I basically use the config provided by respeaker with their, mostly working, drivers.

Default config for my mic:
# The IPC key of dmix or dsnoop plugin must be unique
# If 555555 or 666666 is used by other processes, use another one

# use samplerate to resample as speexdsp resample is bad
defaults.pcm.rate_converter "samplerate"

pcm.!default {
    type asym
    playback.pcm "playback"
    capture.pcm "ac108"
}

pcm.playback {
    type plug
    slave.pcm "hw:ALSA"
}

# pcm.dmixed {
#     type dmix
#     slave.pcm "hw:0,0"
#     ipc_key 555555 
# }

pcm.ac108 {
    type plug
    slave.pcm "hw:seeed4micvoicec"
}

# pcm.multiapps {
#     type dsnoop
#     ac108-slavepcm "hw:1,0"
#     ipc_key 666666
# }

My main problem is the fact that I don’t understand how alsa works, I just copy paste stuff that is in “guides” that try to explain how it works with just a bunch of examples.

The problem is with Rhasppy is your are thinking like Wordperfect did with Version 5 when an upstart called microsoft split Wordperfect into a suite of interoperable software that also partitioned complexity into ease of use.
A KWS is a HMI (Human Machine Interface) and should be free of system constraints or the obsolesce of the system its used with.
I am no expert and don’t train models because my knowledge believes the manner of all-in infrastructure is wrong, so I don’t waste my time.
A KWS should just be pointed to the IP of the system its a HMI for and that is it and there is no more need than that.

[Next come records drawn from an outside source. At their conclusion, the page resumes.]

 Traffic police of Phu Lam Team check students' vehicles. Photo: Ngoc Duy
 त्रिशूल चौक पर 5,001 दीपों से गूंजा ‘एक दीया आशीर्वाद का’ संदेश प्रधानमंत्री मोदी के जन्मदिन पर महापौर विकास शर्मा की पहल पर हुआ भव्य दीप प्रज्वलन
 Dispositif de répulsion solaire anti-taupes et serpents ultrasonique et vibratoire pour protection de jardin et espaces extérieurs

If that’s soon enough I will install a 4mic on a spare pi tomorrow and set up a working dsnoop asound.conf and share it with you. Are you using the default device in Rhasspy or do you choose the 4 mic directly?

It took me a long time to even half understand it. @rolyan_trauts is definitely the one most knowledgeable about alsa here I would say.

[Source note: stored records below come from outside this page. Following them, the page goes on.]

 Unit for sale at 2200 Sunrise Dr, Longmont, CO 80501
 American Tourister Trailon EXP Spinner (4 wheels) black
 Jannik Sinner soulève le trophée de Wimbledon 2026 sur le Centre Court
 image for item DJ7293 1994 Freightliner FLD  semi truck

This is what I have set my rhasspy to:


I had some trouble with the default device in docker, selecting the card directly fixed that.

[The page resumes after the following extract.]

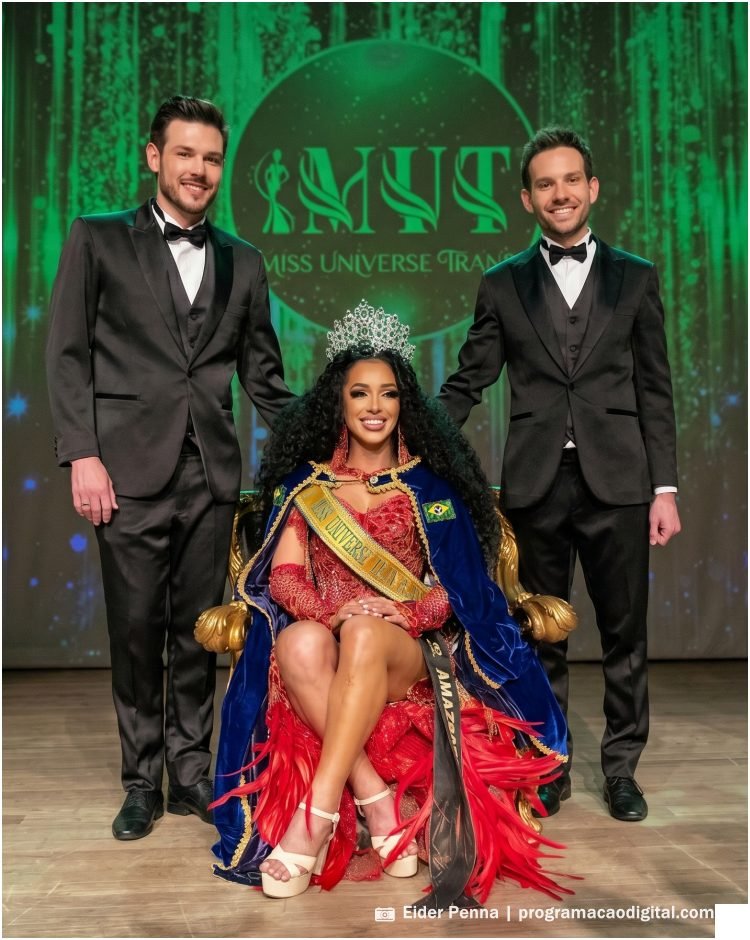 Miss Universe Trans Brasil 2025, Stephany Fonttine, com os Diretores Fabiano Biazon e Mateus Ahlert - sortimentos.com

I am also not sure if changing the asound.conf of my host system will automatically work for rhasspy inside docker. Looking inside there is no asound.conf but that is something that i am seeing more and more often in current distributions and I have not yet found any explanation how it works without the config file.

As for the time frame, I have been without a working wakeword basically since I started playing around with rhasspy back on 2.4.19, so I am in no hurry. The only reason I am trying to get a wakeword working now is because I am tired of things not working when testing via web gui because it behaves differently and spending hours on debugging until I figure out it is working fine with a wakeword.

Alsa is a pain and every time I don’t use for a couple of month my MS wipes much of what I know.

4 mic is a weird card as its likely summing the channels is detrimental so just use as a single mic in terms of KWS and 1 channel.
Its the respeaker dross that confuses things as it adds much that is not needed.
I have a 4 mic & a linear in my bin of spare parts and forgot even if they have AGC but because they lack audio out (not the usb one) aec will not work (alsa one) (pulse aec is pretty ineffective on a pi)

I only use one channel of the mic since I have this weird issue (again) where at least one random channel produces loud noise at random. It sometimes fixes itself with a restart but mostly it doesn’t. So I turned all but the first channel down in alsamixer. I know it is not the best mic to use, especially with the driver issues it has but it was recommended for snips and I got one. I don’t try to do anything fancy with that pi, I don’t expect to be understood over music that is more than just a bit of background noise and I like the led ring so it has to work.

But I have to disagree that it is the respeaker stuff that makes it hard. I spend hours staring at non respeaker configs in vms and on my laptop without understanding much more than i do with the respeaker stuff.